Uit de instemmingsverklaring van de gedragswetenschapper van 5 januari 2023 blijkt dat zij het eens is met het spoedverzoek. Op basis van dossierstudie komt zij tot het oordeel dat [minderjarige] nabijheid, structuur en grenzen van een gesloten setting nodig heeft om hem te beschermen en zijn ontwikkeling weer op gang te brengen. Een open setting acht zij op dat moment niet haalbaar voor hem. De gedragswetenschapper kan echter niet instemmen met het regulier verzoek voor een machtiging gesloten jeugdhulp voor drie maanden, omdat zij [minderjarige] niet recent persoonlijk heeft kunnen onderzoeken. Hoewel [minderjarige] inmiddels weer in Nederland verblijft, is er geen contact geweest met de gedragswetenschapper. Enerzijds komt dat doordat [minderjarige] geen contact heeft opgenomen met de GI, zodat zijn verblijfplaats niet bekend was. Anderzijds had het op de weg van de GI gelegen om de gedragswetenschapper te verzoeken of zij gegeven de situatie alsnog bereid en in staat was om een verklaring af te geven. Dat is echter niet gebeurd. Dit betekent dat de wettelijk vereiste instemmingsverklaring van een gekwalificeerde gedragswetenschapper voor het onderhavige verzoek ontbreekt, zodat het reeds om die reden niet mogelijk is om het verzoek toe te wijzen.

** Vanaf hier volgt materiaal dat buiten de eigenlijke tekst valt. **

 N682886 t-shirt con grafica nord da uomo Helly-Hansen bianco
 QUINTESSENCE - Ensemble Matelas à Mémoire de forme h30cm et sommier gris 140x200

Dit leidt tot de volgende beslissing.

De beslissing

De kinderrechter:
wijst het verzoek van de GI af.
Deze beslissing is mondeling gegeven en in het openbaar uitgesproken op 24 januari 2023 door mr. De Graaf, kinderrechter, in tegenwoordigheid van mr. Wallerbos, als griffier en is schriftelijk vastgesteld op 30 januari 2023.
Hoger beroep tegen deze beschikking kan worden ingesteld:
- door de verzoekers en de belanghebbende(n) aan wie een afschrift van de beschikking is verstrekt of verzonden, binnen drie maanden na de dag van de uitspraak;
- door andere belanghebbenden binnen drie maanden na de betekening daarvan of nadat de beschikking aan hen op een andere wijze bekend is geworden.
Het hoger beroep moet, door tussenkomst van een advocaat, worden ingediend bij de griffie van het gerechtshof te ‘s-Hertogenbosch.